**Directions:** The material below holds pictures, which are to be left out; copy exactly the lines from the one with "Eglo LED Globe" through the one with "definitions".

--- Data supplied Enclosed Below ---

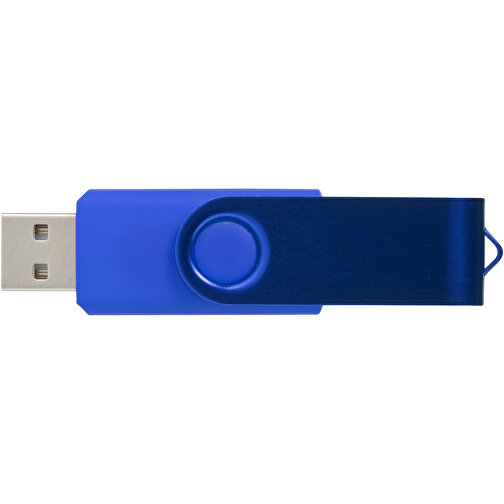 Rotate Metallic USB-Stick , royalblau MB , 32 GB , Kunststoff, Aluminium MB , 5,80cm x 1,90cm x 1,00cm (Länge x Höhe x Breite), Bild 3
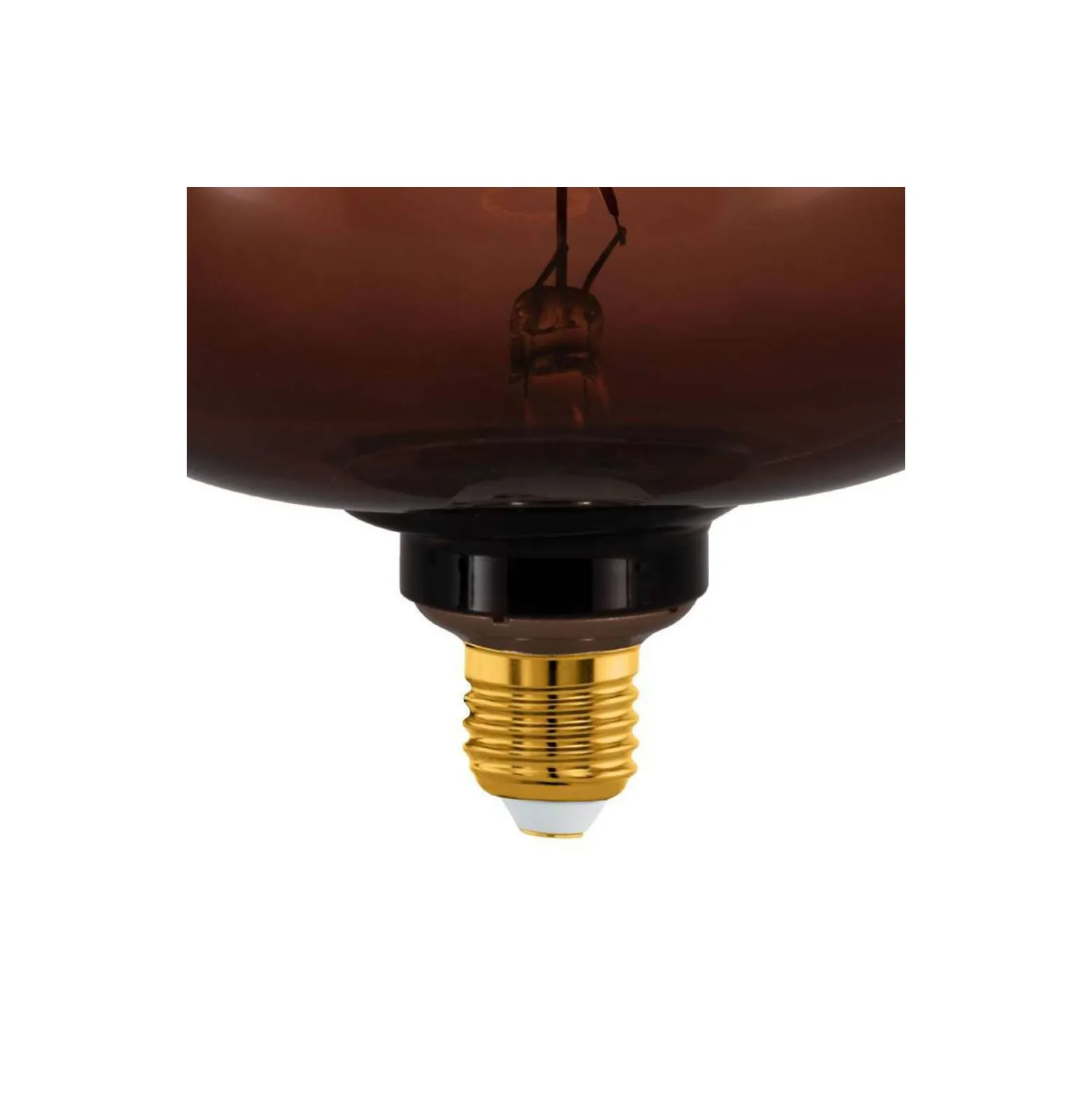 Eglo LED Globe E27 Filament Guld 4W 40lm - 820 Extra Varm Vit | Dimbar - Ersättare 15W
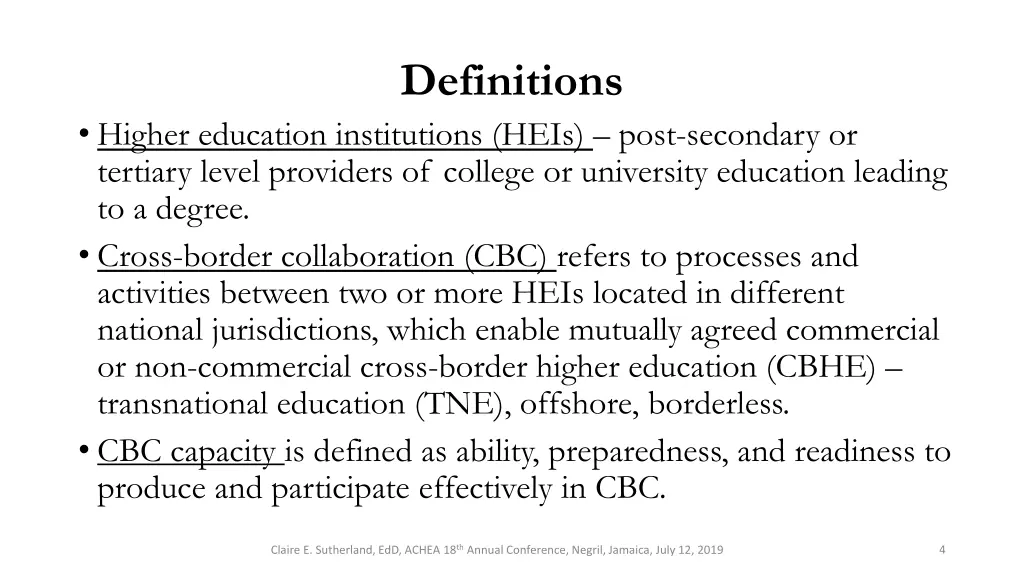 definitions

--- End of Enclosed Data supplied ---
--- Data supplied Enclosed Below ---

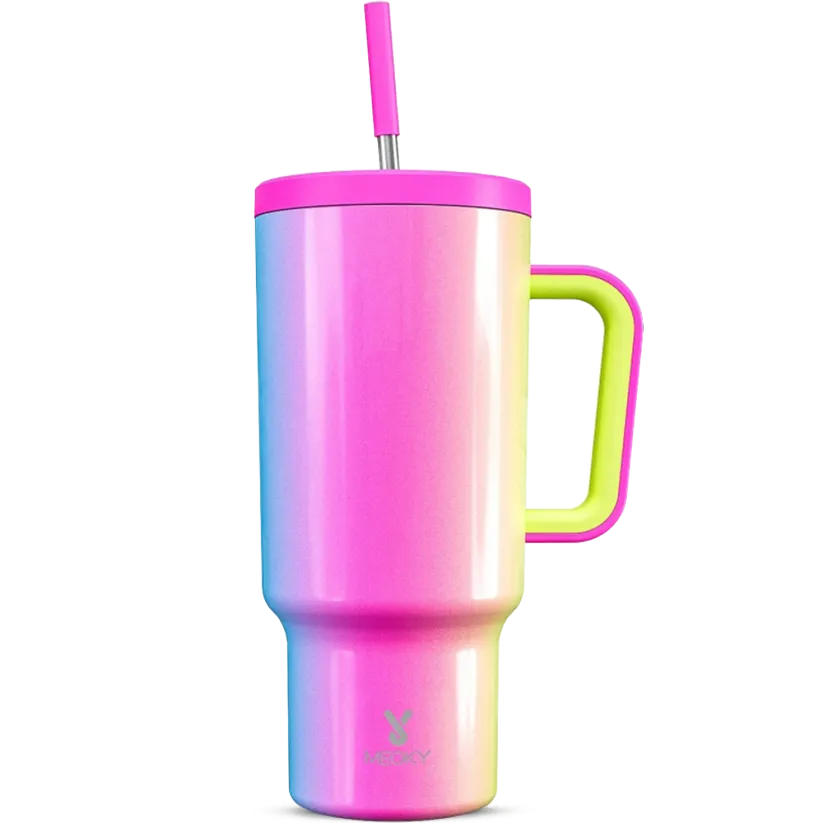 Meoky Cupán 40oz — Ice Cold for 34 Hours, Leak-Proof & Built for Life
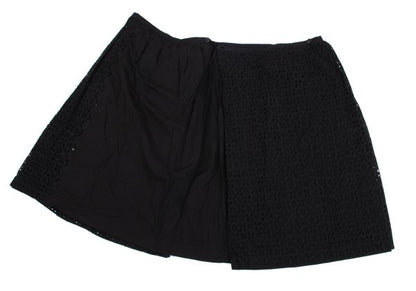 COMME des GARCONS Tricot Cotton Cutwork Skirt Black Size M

--- End of Enclosed Data supplied ---
--- Data supplied Enclosed Below ---

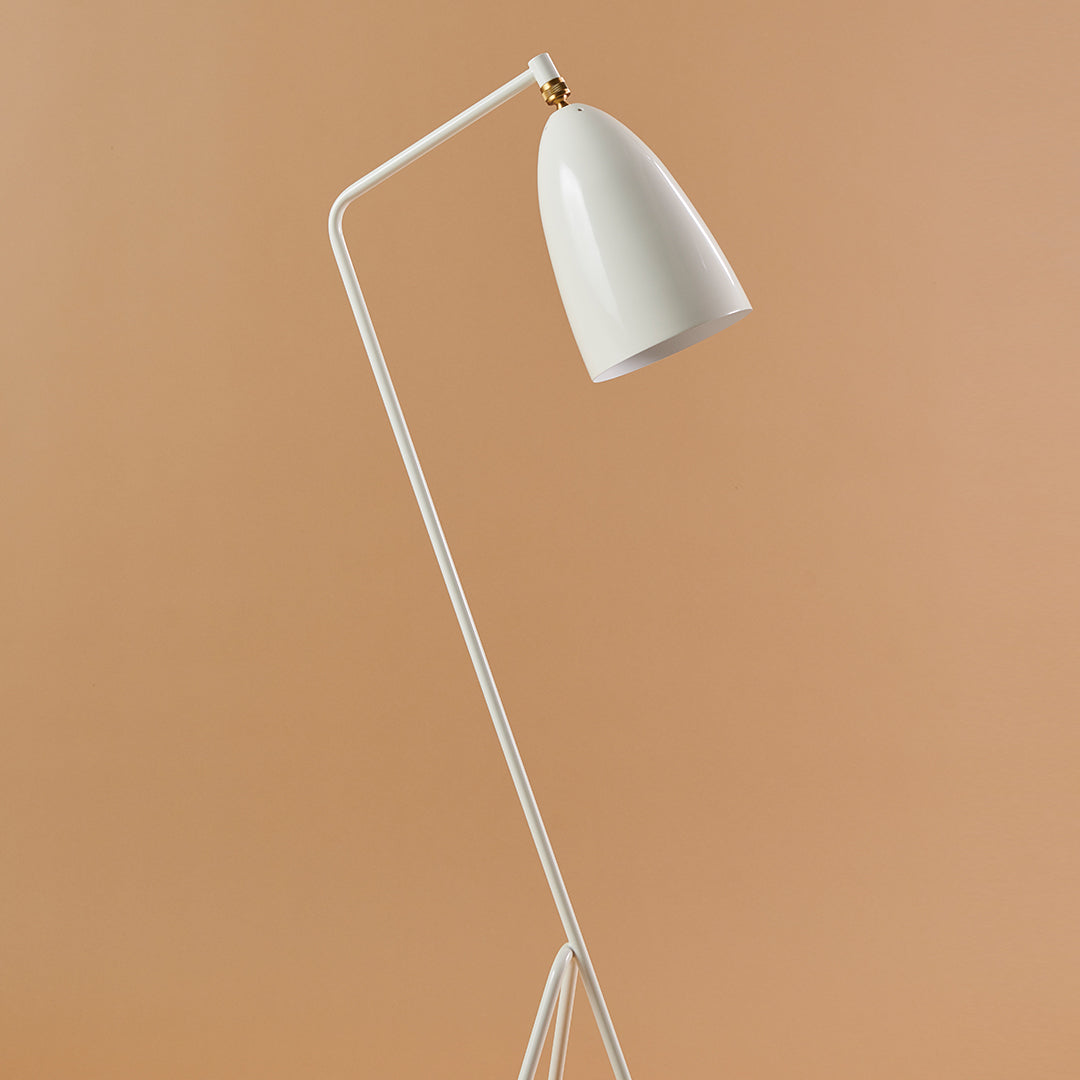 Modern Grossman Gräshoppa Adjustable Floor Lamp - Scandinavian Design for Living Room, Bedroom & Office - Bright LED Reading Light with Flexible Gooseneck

--- End of Enclosed Data supplied ---

**Exercise response:**
 Eglo LED Globe E27 Filament Guld 4W 40lm - 820 Extra Varm Vit | Dimbar - Ersättare 15W
 definitions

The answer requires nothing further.